The Brooks County region, home to both the county seat of Falfurrias and a brick Classical Revival courthouse completed in 1914, encompasses a rich, south Texas history. The oldest permanent settlement in Brooks County was actually established eighty-one years before the county’s creation. Los Olmos, located at the southwest corner of El Paisano Land Grant given to Ramon de la Garza in 1830 by the Mexican State of Tamaulipas, served a region settled originally by ranchers from Northern Mexico. By the turn of the century, however, the realignment of land ownership and the arrival of the railroads transformed the region dramatically, ushering in an era of cattle and agriculture shipping points, cotton gins, dairy and citrus farms, and, ultimately, oil and gas production.
Carved out of neighboring Hidalgo, Starr and Zapata counties, Brooks County was created on March 11, 1911 and named in honor of James Abijah Brooks. Brooks helped marshal the formation of the county through the Texas State Legislature. He served as Captain of the Texas Rangers, as a member of state government during the county’s formation, and finally as Brooks County judge. Arriving from his birthplace of Kentucky in 1876, Brooks worked as a cattle driver and rancher until his service in the Texas Rangers, a stint that exposed him to one of the more troublesome conflicts of the day – cattle rustling. As member of the Texas Legislature, he would also witness first-hand the opposition in establishing the county’s boundaries by appropriating lands from surrounding counties unwilling to lose tax revenues without a fight. But Brooks, an ardent advocate for the new county, proved victorious. Once Falfurrias was selected as the county seat, the construction of a new courthouse followed in 1913-14.
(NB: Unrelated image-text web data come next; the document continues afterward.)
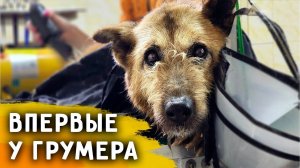 Мая ВПЕРВЫЕ у Грумера. Рей теперь живет дома. Томасу отказали в операции.Нукер внаглую залез в салон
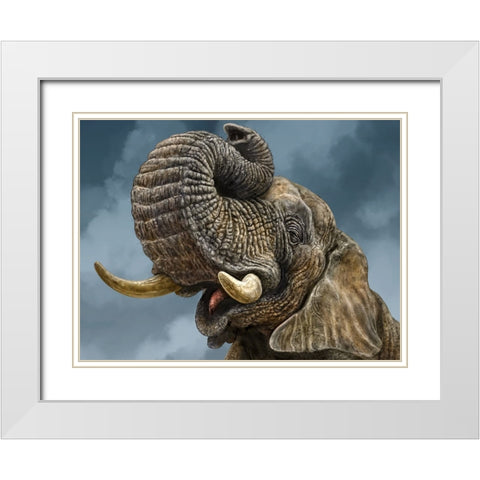 African Elephant White Modern Wood Framed Art Print with Double Matting by LaMontagne, Patrick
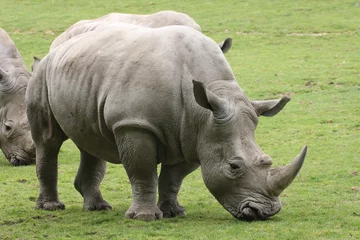 Foto op Plexiglas rhinoceros © galam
The Brooks County courthouse was designed by Alfred Giles, the British-born architect who had established a practice in San Antonio and eventually designed eleven Texas courthouses, seven of which survive today. Giles designed during a period of significant architectural transition for the country. The Victorian era was at its end and the characteristics of modernism, the movement that would permanently alter and define design in the 20th century, was on the rise. The Brooks County courthouse reflects the security of the familiar in its Classical Revival style exterior while suggesting the rise of simple, streamlined design in its interior spaces.
The courthouse also acquired two cornerstones. The Brooks County Cornerstone features the inscribed names of county officials, the architect and the contractor and holds two copies of the local paper El Burro along with some U.S. and Mexican coins. The Masonic cornerstone received an anointment of the “Corn of Nourishment”, the “Wine of Refreshment”, and the “Oil of Joy”, courtesy of the local Masonic Lodge, as incentives toward the welfare and prosperity of Brooks County, encouragement as valuable in the 21st century as it was in 1914.
Restoration on the courthouse, designed in the Beaux Arts style of early 20th century Revival architecture, began in 2000 courtesy of a grant from the Texas Historical Commission’s Historic Courthouse Preservation Program. Although the exterior of the courthouse had undergone minimal changes over the decades, the interior required extensive work to return the courthouse to its original 1914 appearance. While regulations required some modern necessities to remain and were upgraded (elevators, ADA restrooms, etc.), much of the original details returned to their 1914 iteration including the original scale of the district courtroom, its balcony and seating, and original wall, floor and ceiling finishes. Oak jury seating, period light fixtures, wood doors and trim, and the replacement of aluminum windows with wood completed the Brooks County courthouse transformation from a modified historic structure back to its original, iconic state.